I never understood moments of a distribution.
12:21 hit me like a brick when I realised.
It’s quite a strange concept unless properly motivated
same here - there’s a clarity to the way this is outlined here that is just crystalline. subbed
Great example sir , I Understood
Thankss!
Cheers pal!
Thank you for you video.
You are welcome
Thank you for this viseo. For some reason never thought about including kurtosis in my descriptive statistics analysis.
Do you think you can do (or maybe you already did) vidoe on advanced statistics analysis: cdf, etc. More from the perspective what else can be added to it. Thank you!
9:52 correction: kurtosis of a standard normal distribution is 3. the excess kurtosis is then whatever the kurtosis is minus 3.
I really want to know more about Kurtosis! Please make a video about it!😊
Thanks for the suggestion!
You are the best!
Thanks!
👏 👏 👏 Very well done!
Thank you! Cheers!
I have a BA in Stats and can confirm the accuracy of the video's title.
Can you do a similar video with examples on other moments and things like statistical entropy? 😁
Great suggestion!
9:51
A Normal distribution has a kurtosis of 3 not zero.
Excess kurtosis for normal distribution is zero.
Pls correct me if I'm wrong.
yes you are right. I missed the word "excess" there.
I think the full distribution in visual form is the best for non-technical audiences. Then you don't have to dumb down and you don't have to explain it much either. If graphs are forbidden for some odd reason, maybe "buckets" can be a good way. Like 20% of the students had less than 30p, 30% in range 30-50p etc. Honestly even standard deviation is tricky to understand even for technical people. Ask someone who "should know" to explain - on the spot - the difference between standard deviation and the mean deviation.
11:29 What about the median?
Which is better - mean or median? Could you do a video on this?
Thanks!
Thank you for the explanation! Can you further clarify the difference between standard deviation and kurtosis? They feel similar as they relate to outliers to some degree, at least when you explained it in your example. Thanks!
Kurtosis puts more weight to observations that are far away from the mean.
Wow!
"Look at full distr." + "plot that full distribution and think about..."
The best descriptor of a set is the set :-)
Pretty much!
Problem with these higher moments is with their sensitivities to outliers. How much more data we need to "reliably" estimate these (ever-increasing) higher moments?
That is an interesting angle to look at it!
Can you Please explain how to measure skewness and kurtosis numerically? 👏❤️
What are the meaning of those symbols in the formula
Can you explain how to.calculate skewness and kurtosis?
9:16 But you said that the standard deviations of both distributions is the same, correct?

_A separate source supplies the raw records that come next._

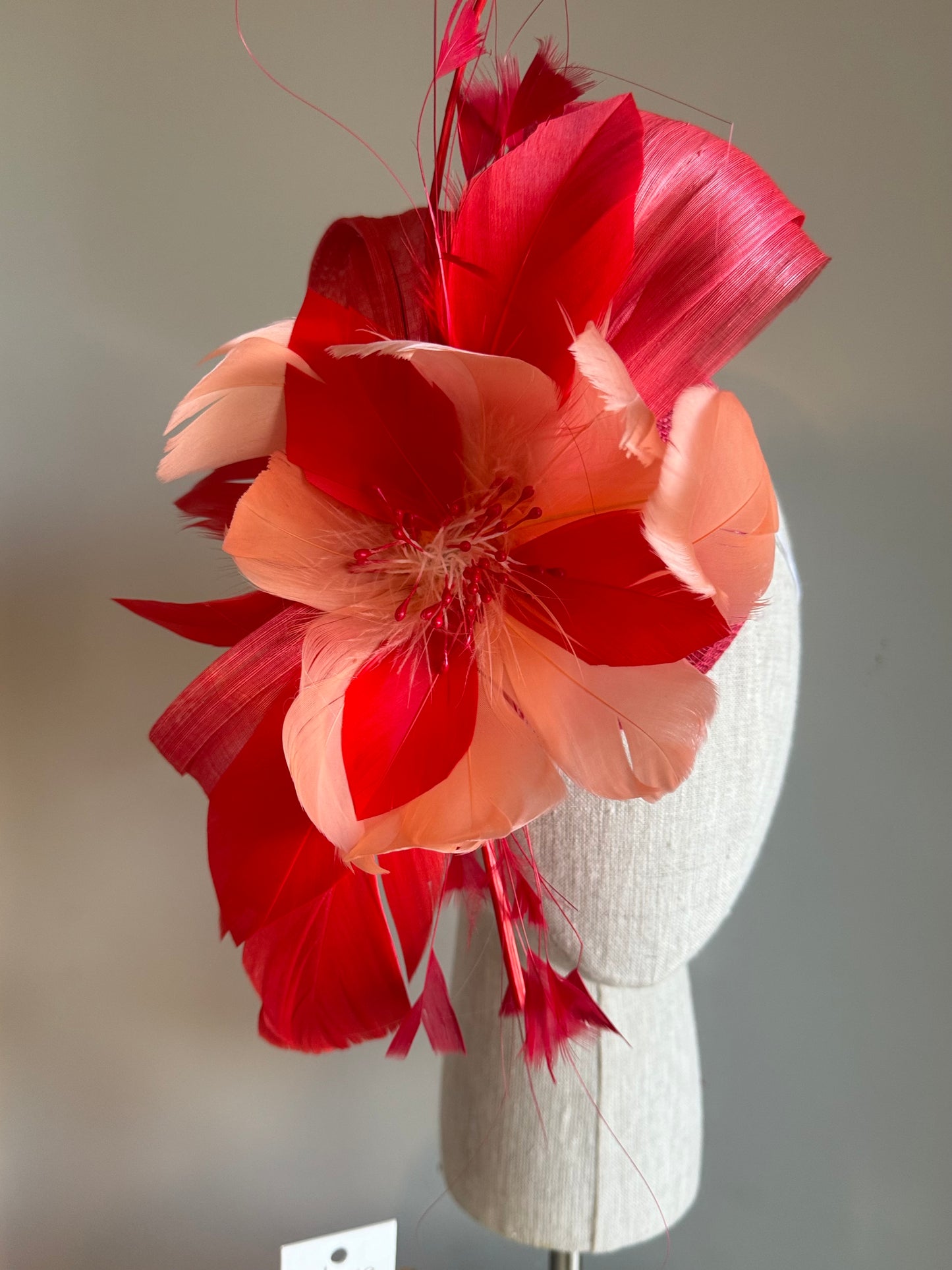 “Sara” coral & red floral fascinator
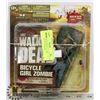 Image 1 : THE WALKING BICYCLE GIRL ZOMBIE ACTION FIGURE.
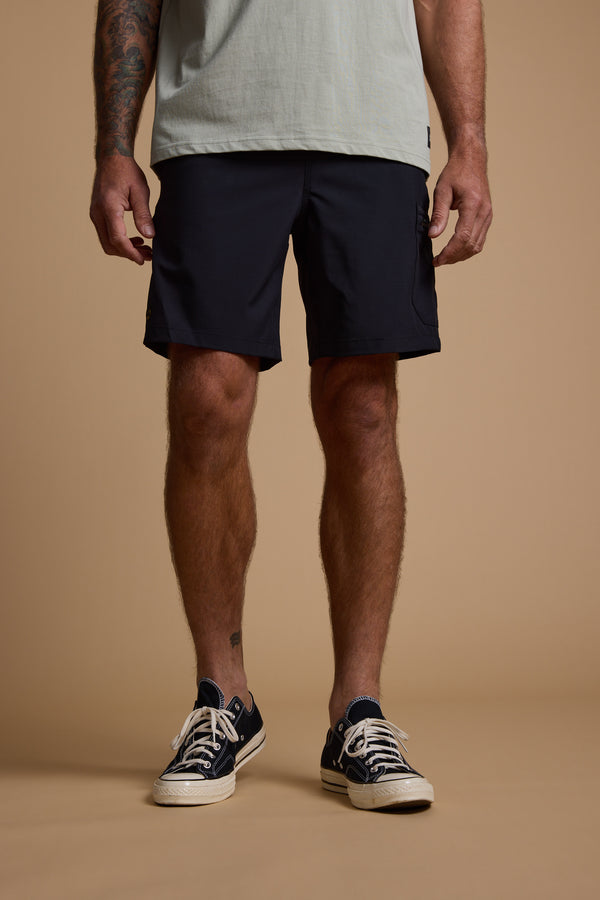 Against a plain beige backdrop, a man with tattooed arms (face not shown) wears a light grey tee and black Legasea Weekend Shorts from Legasea, paired with black low-top sneakers.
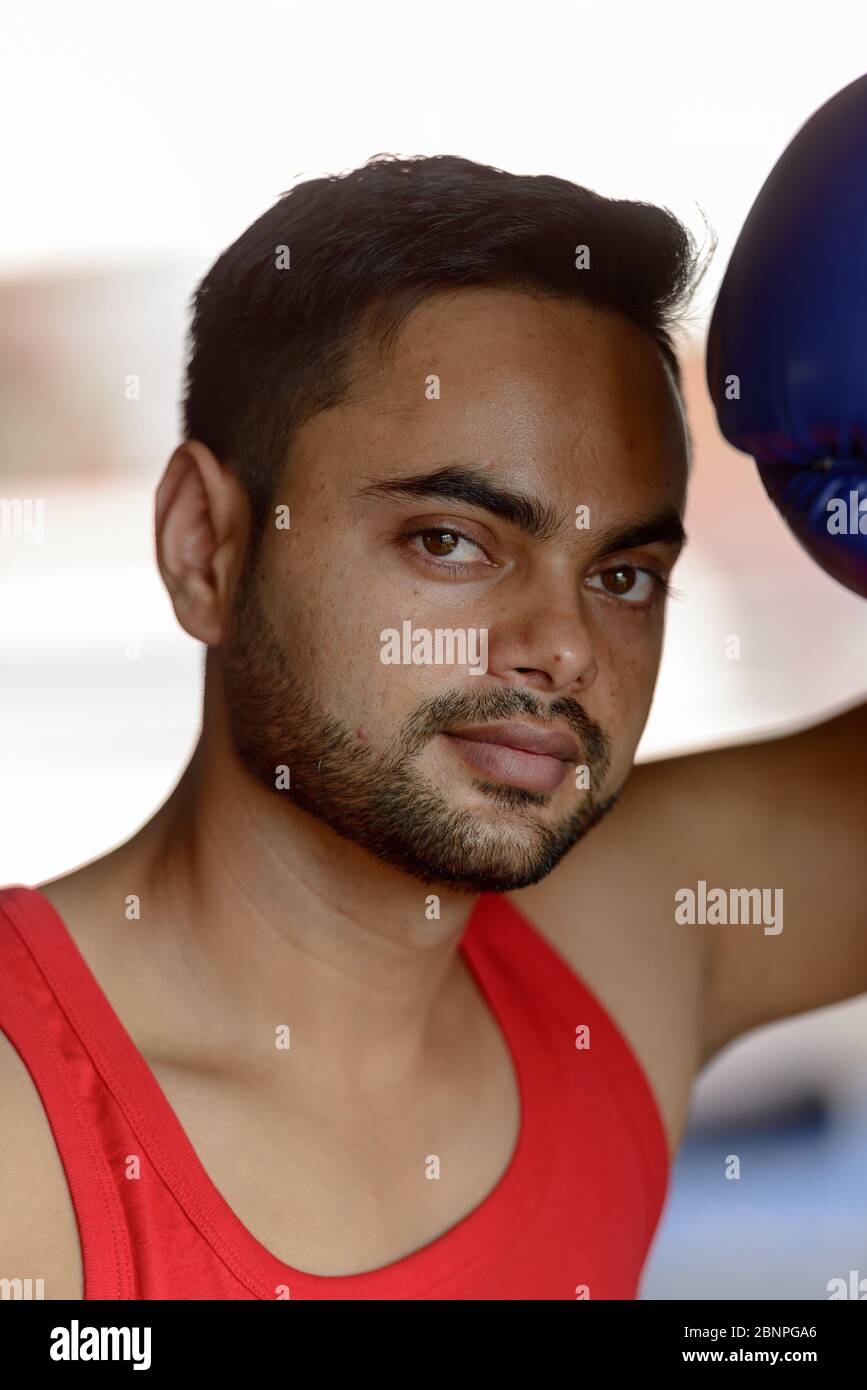 Face of young handsome bearded Indian man as boxer training at the gym  Stock Photo - Alamy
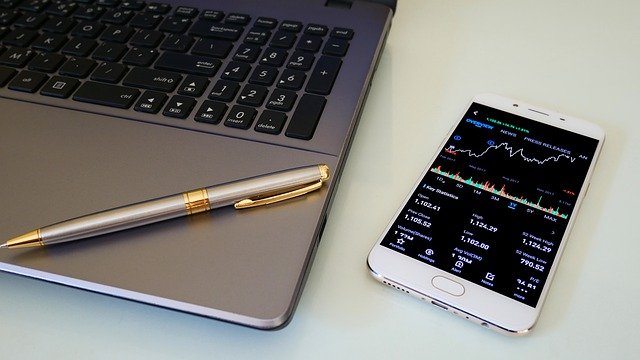 Image of a pen sitting on a computer keyboard with a cell phone next to it. Captioned: Averting Misuse by Bad Actors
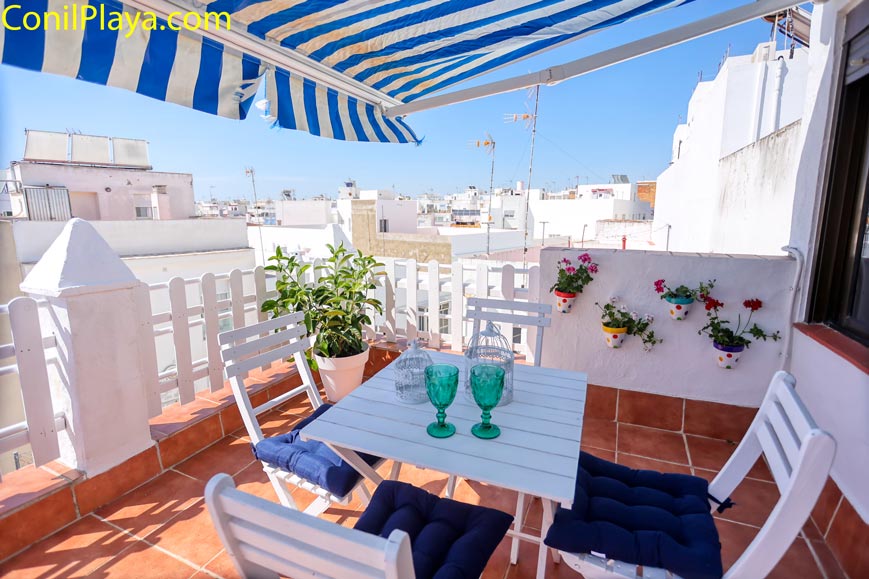 Terraza con mesa blanca y sillas bajo toldo azul rayas y flores en pared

How is that possible that the number of outliers in both distribution differs, YET they still both have the same standard deviation?
Thanks!
kurtosis of normal distribution is 3. Excess kurtosis is amount exceeding 3.

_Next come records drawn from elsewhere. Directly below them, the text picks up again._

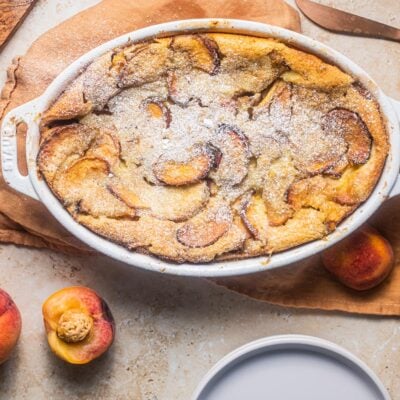Casserole dish of peach clafoutis dusted with powdered sugar and peaches in the background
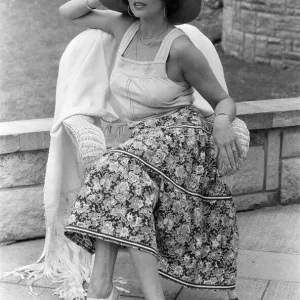 Actress Joan Collins modelling outfits that she will wear on a trip to Tokyo to judge a
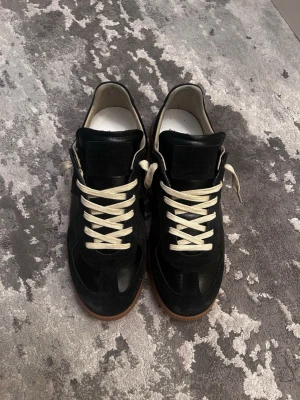 Maison margiela gats - Helt nya svarta Maison margiela gats i storlek 43, köpta från nk, kvitto tillkommer samt dustbagsen,  boxen medföljer tyvärr inte, innersulan är 28cm, hojta till vid funderingar!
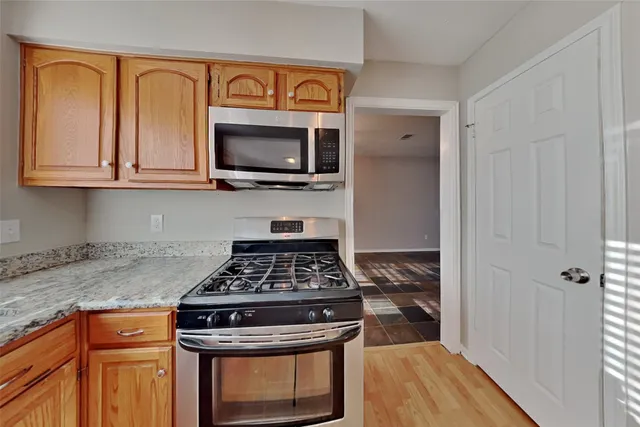 a kitchen with a stove and a microwave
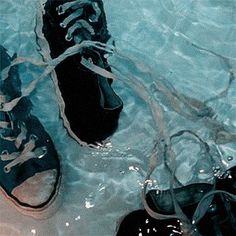 two pairs of black shoes in water with white laces on the top and bottom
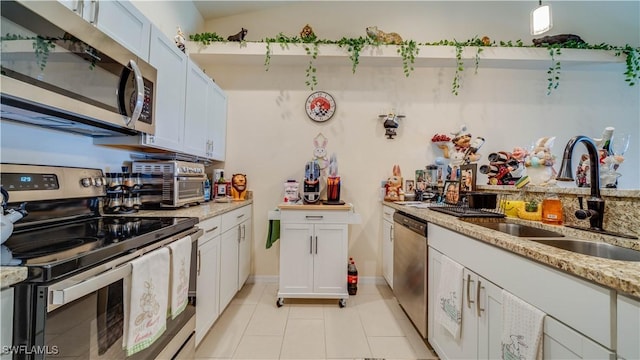 kitchen with a sink, white cabinetry, light stone countertops, appliances with stainless steel finishes, and light tile patterned floors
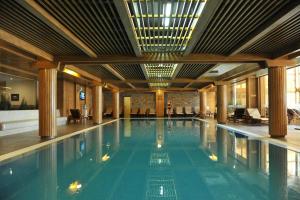 a swimming pool in a hotel with a woman standing in the middle at Pirin Golf Villa Compass Property in Bansko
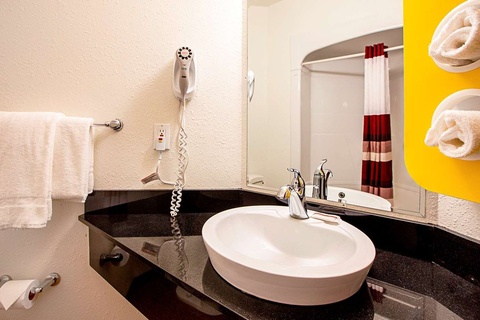 A bathroom sink with a white bowl and black countertop, with a mirror and towels nearby.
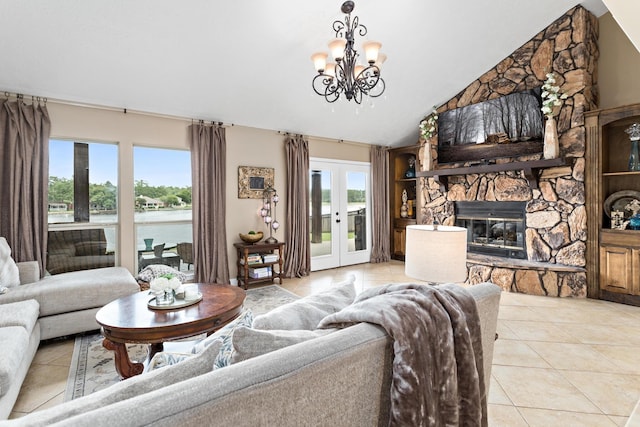 134 Hornbeam, Village Mills, TX 77663 - living room featuring light tile patterned flooring, lofted ceiling, a chandelier, a fireplace, and french doors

CFA level 1 brought me here
THANK YOU, in my case for describing Kurtosis.
Of course!
One thing that kills me is when, like in the video example, the blue distribution is skewed to the left, my brain wants to understand as the other way around, e.g, 'to the right', because that is what the figure looks like, as if it was 'pending to the right'. D:
Good old pen and paper.
Congratulations ♥, You got a new Subscriber!.
@ritvikmath, You explained it in very intuitive way.